When it comes to hurriceans, the Topsail Island region has seen its share of wind and water. More than $6 billion in damage was caused by the double-header in 1996: Bertha in July and Fran in September. More recently it was Floyd in 1999 and Bonnie in 1998 and, way back when, Hazel in 1959. As many residents know, sometimes the frenzy surrounding fearsome Topsail Island hurricanes can be about as bad or worse than the weather itself.
Rose Peters runs the Missiles & More Museum in Topsail Beach, and she moved to North Topsail Beach with her husband in January 2002. Hurricane Isabel came to visit them in their new residence in September that same year. “We were sitting there and heard on the radio that the high-rise bridge going to the mainland was going to close at seven o’clock because of the high winds,” she said.
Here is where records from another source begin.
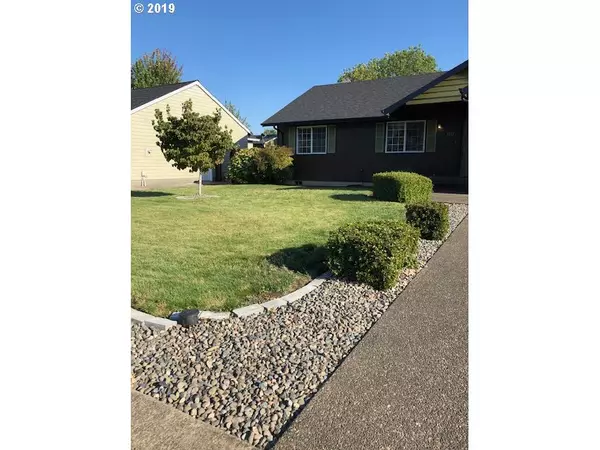 Sutherlin, OR 97479,1202 E SECOND AVE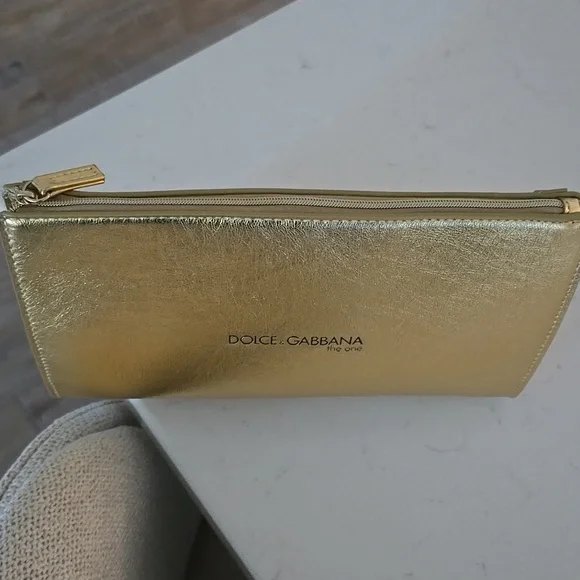 New never used Dolce and Gabbana gold clutch Purse D&G Beauty Vip Clutch Bag - Picture 9 of 12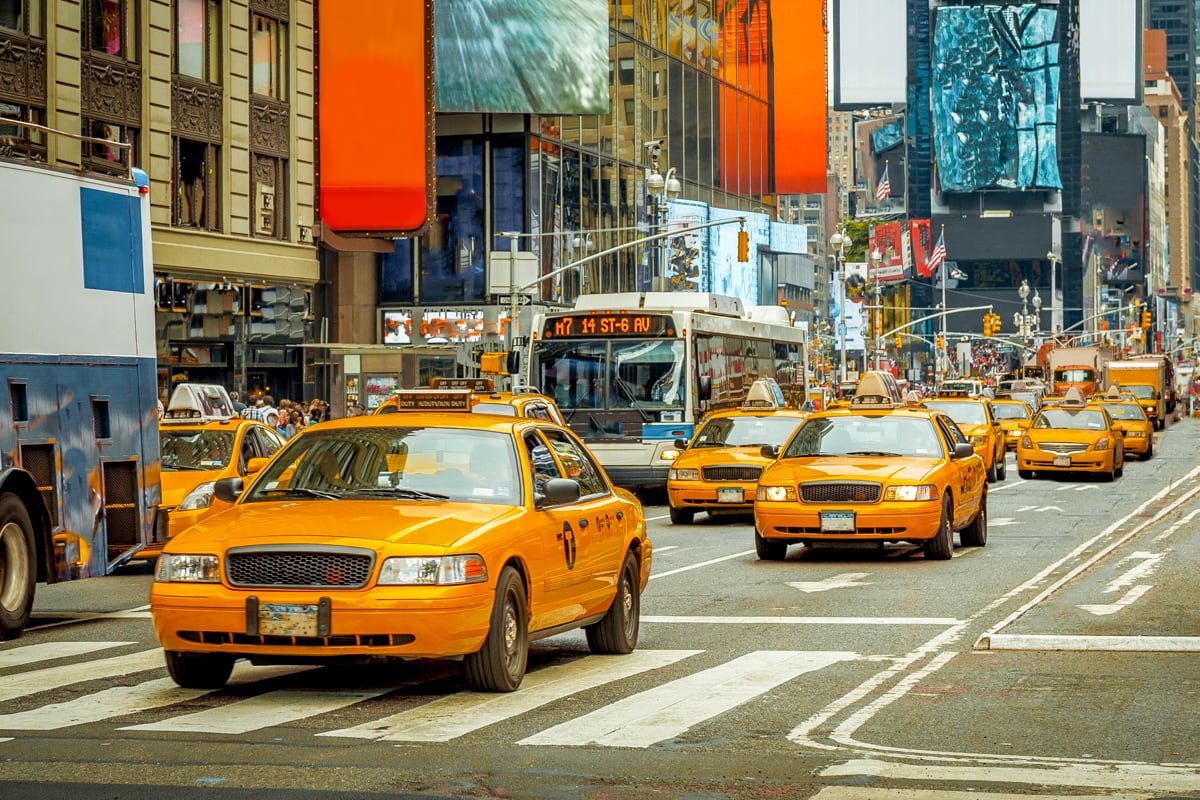 Taxis dans une avenue de New York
This sparked a bit of a marital dispute, because she wanted to cross that bridge before it closed and he didn’t want to go.
“He said, ‘I can’t leave. Everything we own is in this house.’ And I said, ‘I can’t stay.’ We weren’t mad at each other. It was just, ‘okay I’m leaving.'” She knew she was headed for a shelter that had been set up by the American Red Cross, but she had no idea what to expect. “So, I took a sleeping bag and a bunch of snacks and water. It is probably six miles to the shelter, which was a middle school, and they take all your information and who to contact.” Considering all the fear and dread that has to be mixed up with such an experience, she said it was really not bad. And it was extremely memorable.
“I have a new respect for the Red Cross that I didn’t have before,” she said. “They had two nurses who took two 12-hour shifts. They had a mental health person. We had three hot meals a day because it was a school and it had a cafeteria. As it turned out, she didn’t eat her snacks or drink her water, and would have done all right without the sleeping bag. “We were on army cots. We had to share rooms, probably about eight people to a classroom.” When the storm was finished doing its worst, which really wasn’t all that bad, it left a deeper mark on the shelter refugees than it did on the island’s topography. “What the Red Cross did was remarkable. It was truly above and beyond.”